Genomic and Transcriptomic Landscapes of MEN1-Wild-Type Low-Grade Metastatic Pancreatic NETs Uncover Key Oncogenic Drivers and Targetable Pathways

Sporadic pancreatic neuroendocrine tumors (pNETs) with wild type MEN1 represent a major yet largely ignored subset whose biology and metastatic potential remain poorly understood. Because metastasis can occur despite low histologic grade and modest mutational burden, we hypothesized that metastatic competence in MEN1-wild-type pNETs reflects quantitative reinforcement of shared oncogenic pathways rather than distinct mutational processes.
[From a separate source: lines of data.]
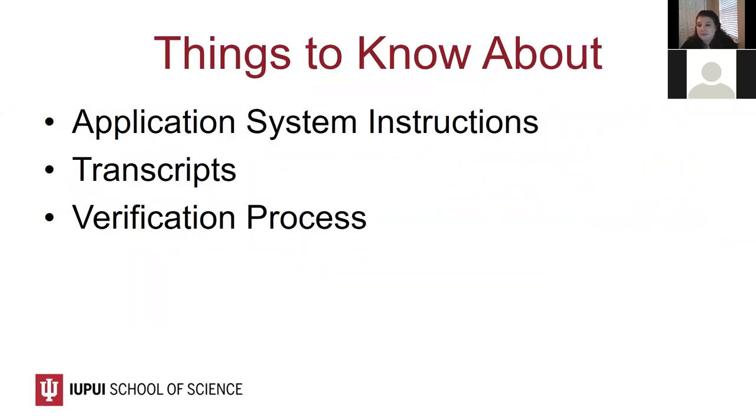There are some important things to know about the CASPA application before you start. I encourage every student to review the system instructions for CASPA. I know reviewing instruction manuals isn't the most riveting reading, but it is incredibly important to understand what each component is asking for and what specific details will help you complete each section successfully. Have the instructions on hand as you move through the application as a reference.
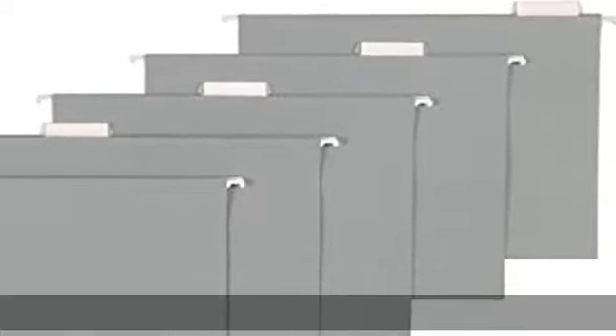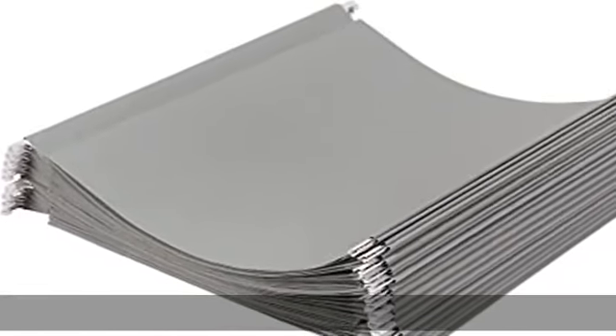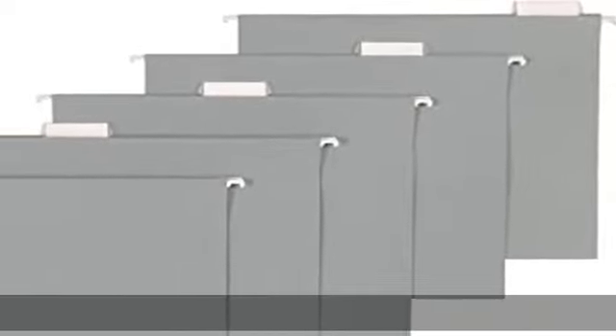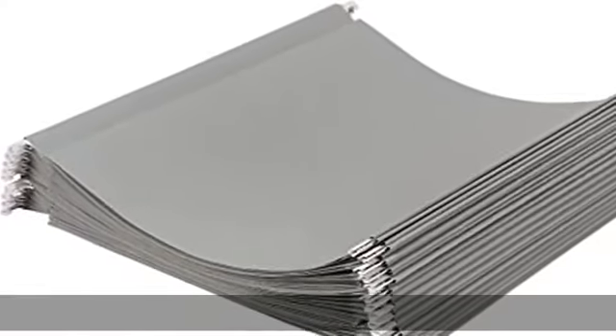About this item: recycled hanging file folder, 25 count. For neatly storing and organizing documents, letter size accommodates papers measuring up to 8.5 by 11 inches. Made of craft paper consisting of 100% recycled fiber with 60% post-consumer fiber. Includes 25 1/5-cut plastic tabs and label inserts. Raw tips for secure hanging and smooth sliding. Gray color. Check the description to get this product today at the best price.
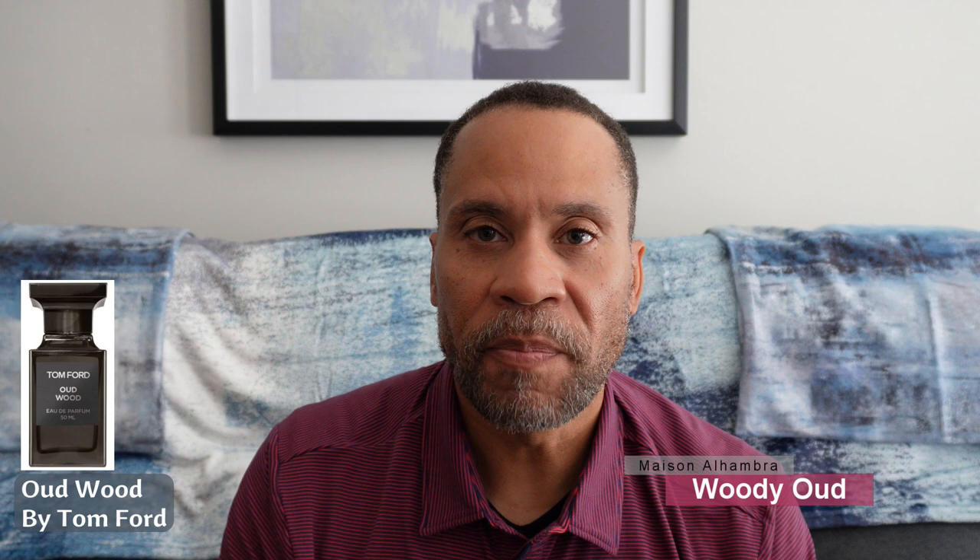Another honorable mention is Woody Oud by Mason Alhambra or Latafa. I believe these are getting pulled, and that's one reason I don't have it in my top 10. From rumor, they will bring it back in another form. As you can probably tell, it is very, very close to Tom Ford's original Oud Wood. I think they had some patent trademark infringement issues and that's why it's being pulled. The rumor is it's coming back. It is a very good reflection of Oud Wood — a very good clone.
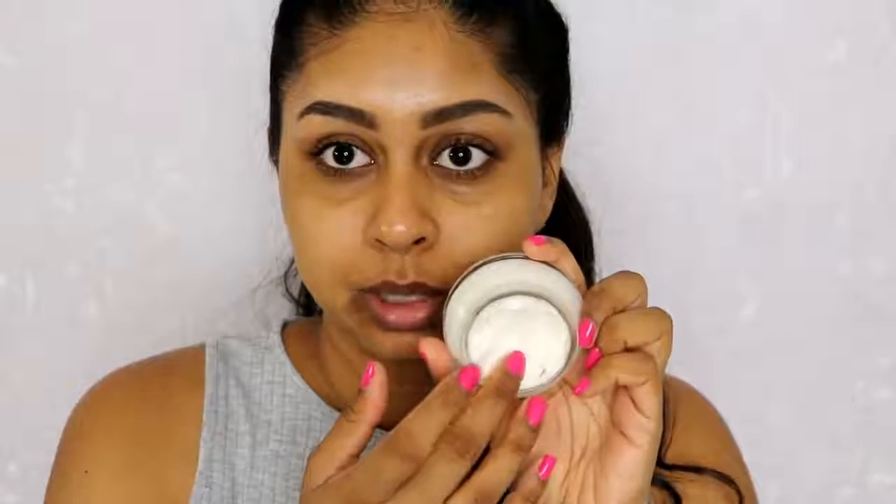I'm also going to moisturise my skin using the Bobbi Brown Extra Moisturising Balm with SPF 25. This is super moisturising. I'm actually going to work today, so what a better day to try a new foundation throughout the day and see how it lasts. I always put a bit of eye cream as well.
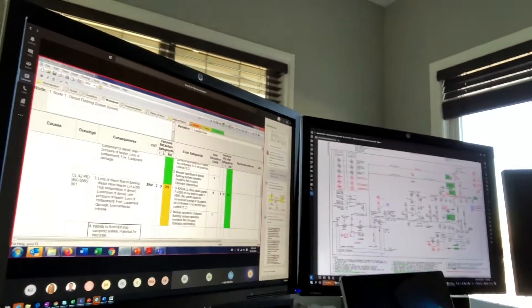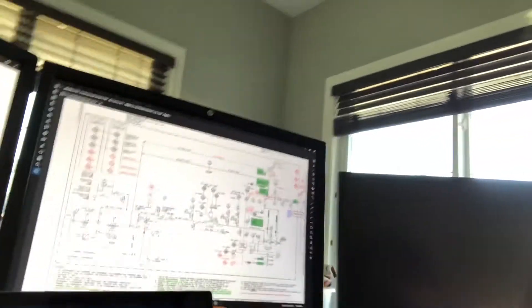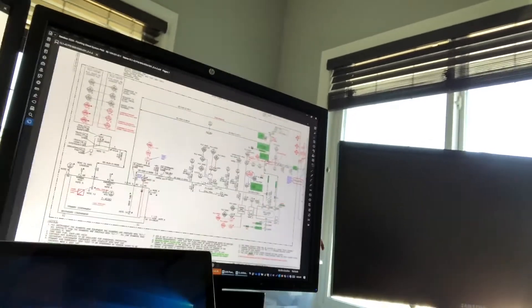As you can see, we've got the HAZOP facilitation software up on one screen that's being shared for everyone. In addition, we've got our Bluebeam Revu session that all of the participants can see all at once. So we are ensuring that everyone stays connected.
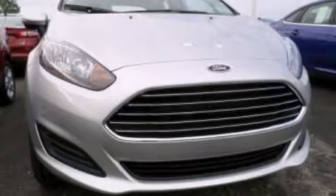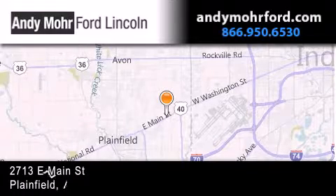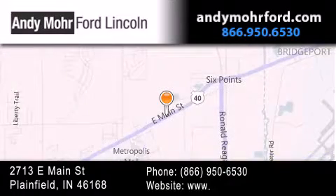Call now to find out how you can own this breathtaking vehicle. Andy Moore Ford Lincoln is the place to find new Ford and Lincoln cars and trucks and pre-owned vehicles in Indianapolis.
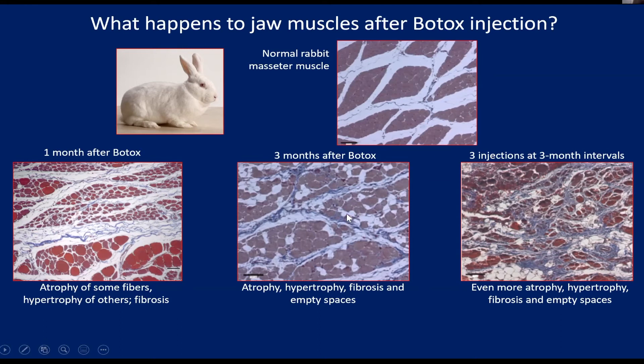But actually it turns out that it's not completely recovered. Some of the fibers apparently have died, so we see a lot of empty profiles here. There's even more fibrosis than there was before — a lot of clumped, really blue collagen fibers. There are still some very small atrophied fibers, but very many of the fibers are hypertrophied.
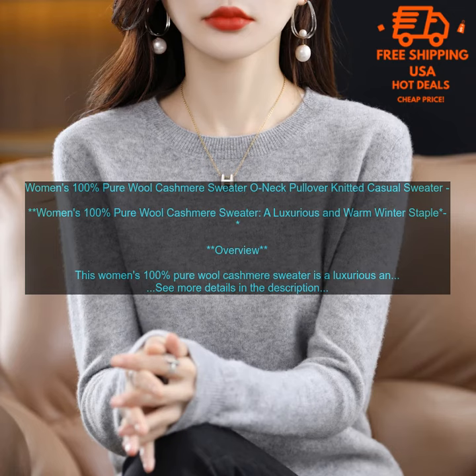Warm: This sweater is incredibly warm, making it perfect for cold weather. It's also breathable, so you won't feel sweaty or uncomfortable.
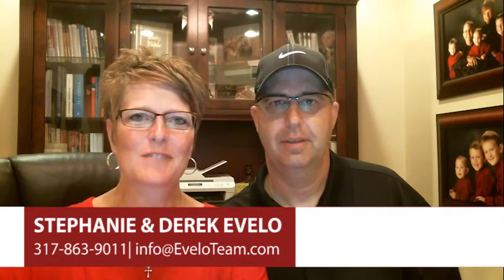Hi, this is Stephanie and Derek Evalot here with the Evalot team at Keller Williams Realty. We're going to talk about maximizing your listing price while minimizing your expenses today.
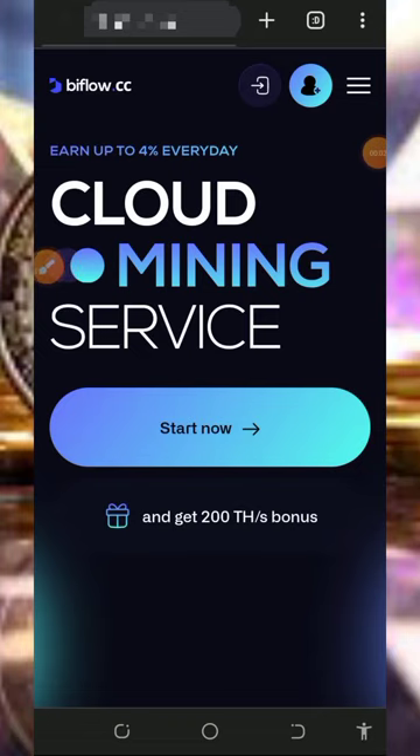Hello guys, welcome back to another update. Today I found this particular website where we're going to mine free cryptocurrencies on their platform with or without investment. I decided to make a video review about the platform so that if you've been looking for a free way to mine bitcoins or any other cryptocurrencies, you can jump into the website and start mining. You guys know what I do on this channel — I go around looking for a free way to earn free cryptocurrencies and then update you guys about the platform.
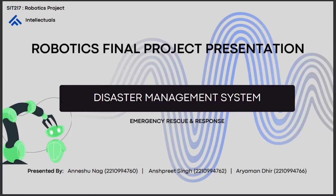Hello everyone, this is Team Intellectuals and in this video we will be presenting our robotics final project on the topic of Disaster Management System for Emergency Rescue and Response.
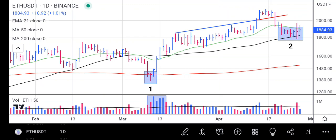Hello guys, welcome to the market analysis channel. On this video I will be analyzing and giving updates on Ethereum.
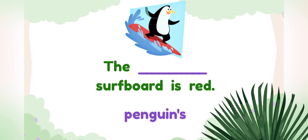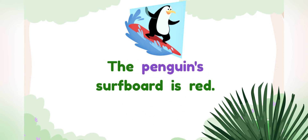Complete the sentence with the correct possessive noun. Penguins. To show that a single thing, like a penguin, has something, we add an apostrophe and the letter S.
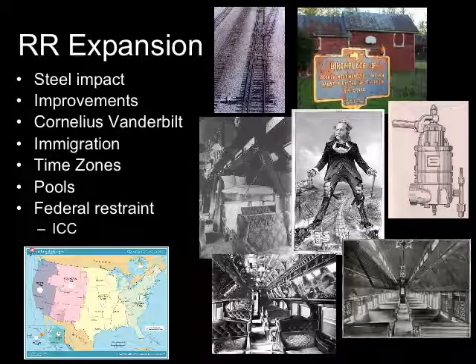This is slide two in our Industrial Revolution unit on railroad expansion. There's one really big thing that allows the railroads to expand, and that is steel — something we're going to talk about in a couple of slides. A new development allows us to produce steel, which is much better than iron.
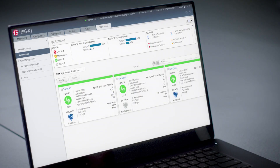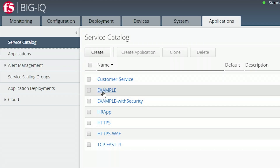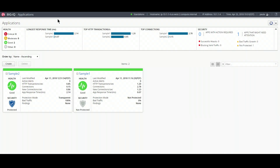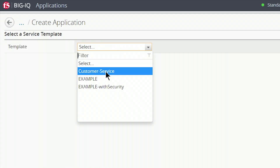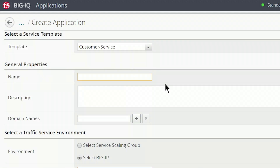But with Big IP Cloud Edition, we can pre-define and provision security services, like advanced WAF, DDoS protection, and bot mitigation, and present them in a catalog. Then, at deployment time, app owners can choose from templates with tested security policies already attached and, using a simple dashboard or API call, deploy the services they need.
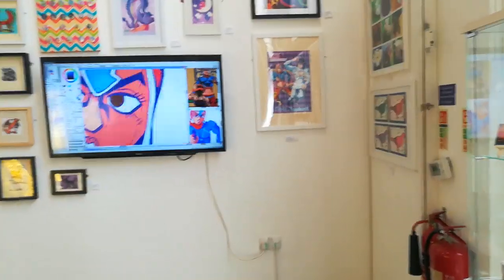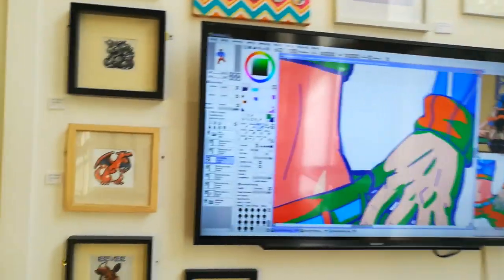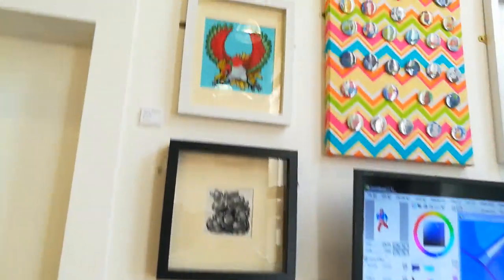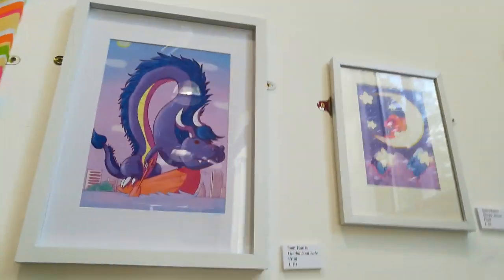Today's date is the 10th of September 2019 and this is my stuff at the Soft Touch exhibition. I've got my video on play and my embroidery pieces, my badges, prints — all nice and framed.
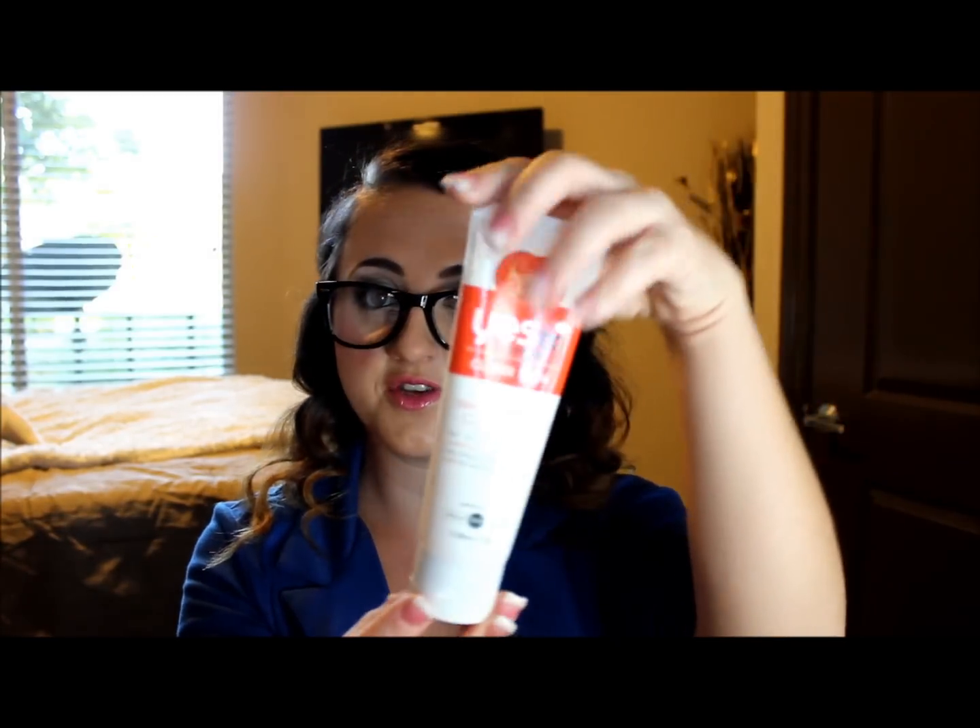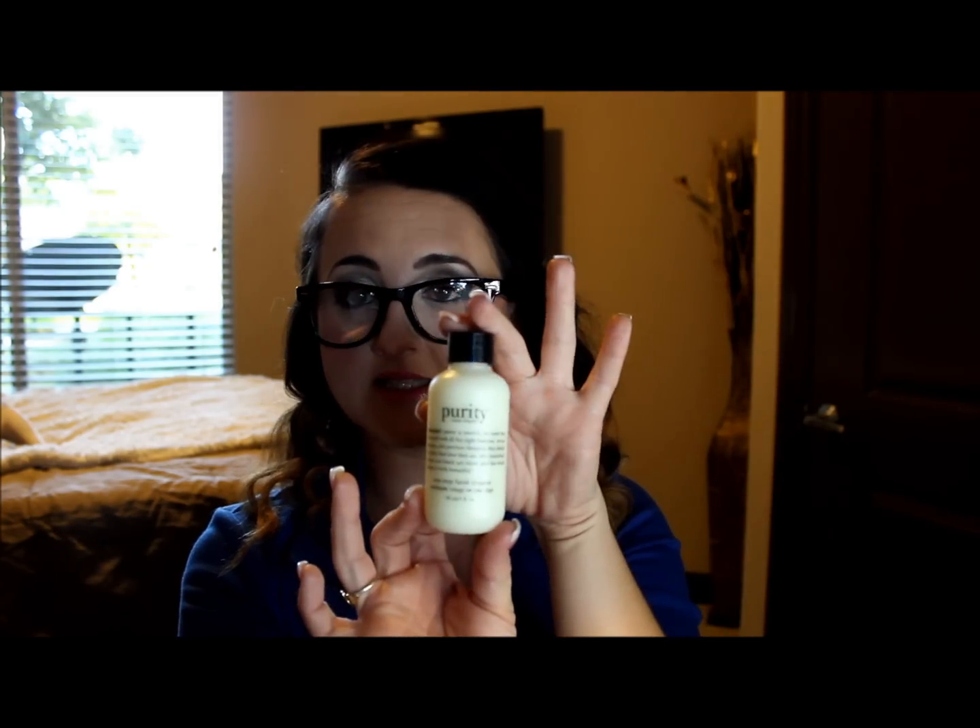For my morning routine, this is how I start. First, I wash my face. I either use Yes to Tomatoes Clear Skin Daily Clarifying Cleanser, or I use the Purity Made Simple One-Step Facial Cleanser. I wash my face using my hands, usually in the shower.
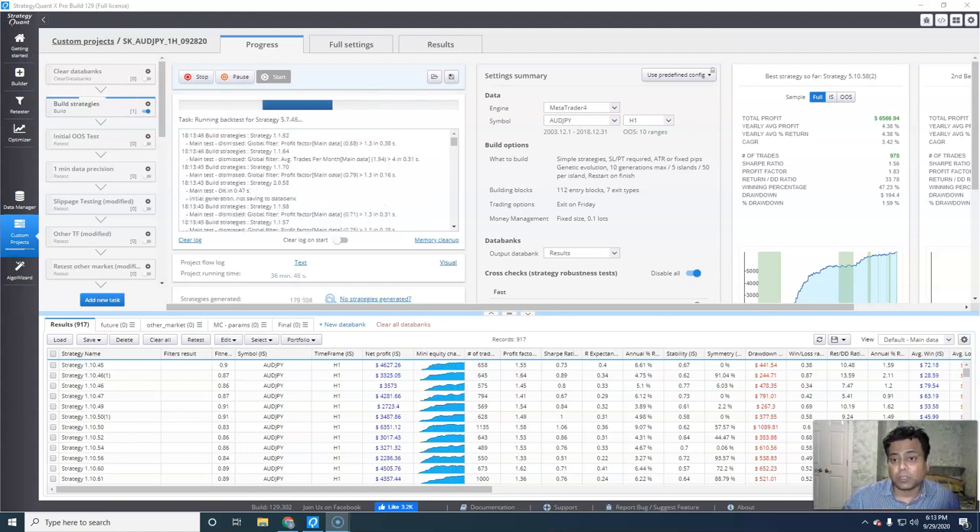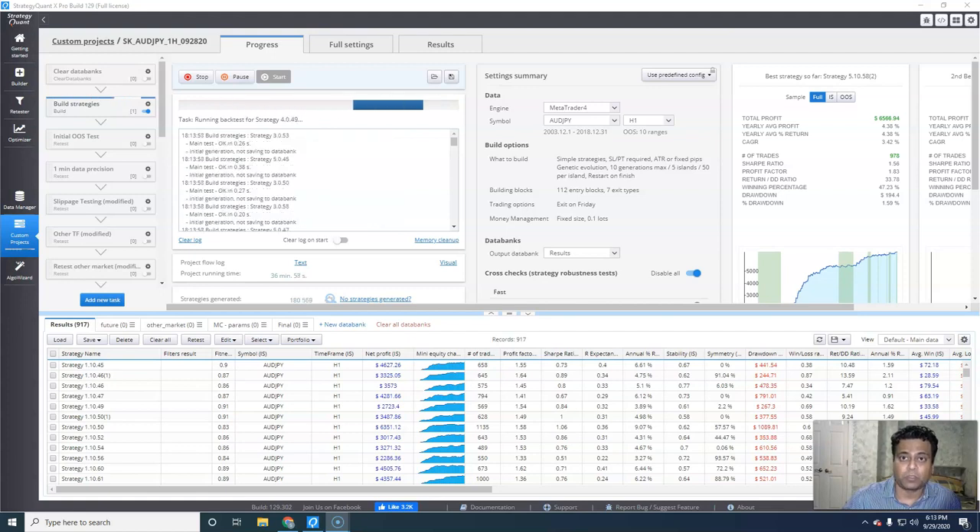Once I have 3000 strategies generated, I will go through additional testing with slippage, with other criteria to boil it down to two or three strategies that I really like and that I'm comfortable trading my account with.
We profiled 75 primary low-grade pNETs by whole-exome and RNA sequencing, including 25 percent with lymph node and/or liver metastasis, and integrated genomic and transcriptomic data to connect pathway lesions with expression state. Metastatic tumors showed a slight increase in mutation frequency but conserved base-substitution spectra relative to non-metastatic cases, and adverse clinicopathologic features were enriched in Grade 2 disease. Aggregating alterations to pathways revealed broad convergence on canonical networks, with transcriptomic analyses demonstrating cohort-wide enrichment of Calcium, WNT, and KRAS/PI3K-AKT programs in metastasis. Intersection of significantly mutated genes with differentially expressed genes identified a focused 29-gene overlap, including RYR1 and ZNF273, that marks these convergent axes and distinguishes metastatic from non-metastatic tumors. Gene set enrichment confirmed preferential activation of Calcium, WNT, and PI3K-AKT signaling in metastatic tumors, consistent with a network-intensity model of progression. Finally, upstream-regulator analysis (iPathwayGuide) and gene-centric perturbation mapping (Gene2Drug) nominated candidate targeted and repurposable agents predicted to reverse the metastatic expression phenotype and flagged drugs unlikely to provide benefit, yielding a prioritized, testable therapeutic shortlist which includes fasudil and spaglumic acid. Convergent, domain-specific mutational patterns in highly mutated genes such as ZNF273 and CLCA1 define a molecular signature that could stratify metastatic risk in low-grade pNETs. Collectively, our data reframe metastasis in MEN1-wild-type low-grade pNETs as a property of pathway state rather than mutation quantity and provide a translational blueprint for biomarker-guided therapy development focused on Calcium, WNT, and KRAS/PI3K hubs.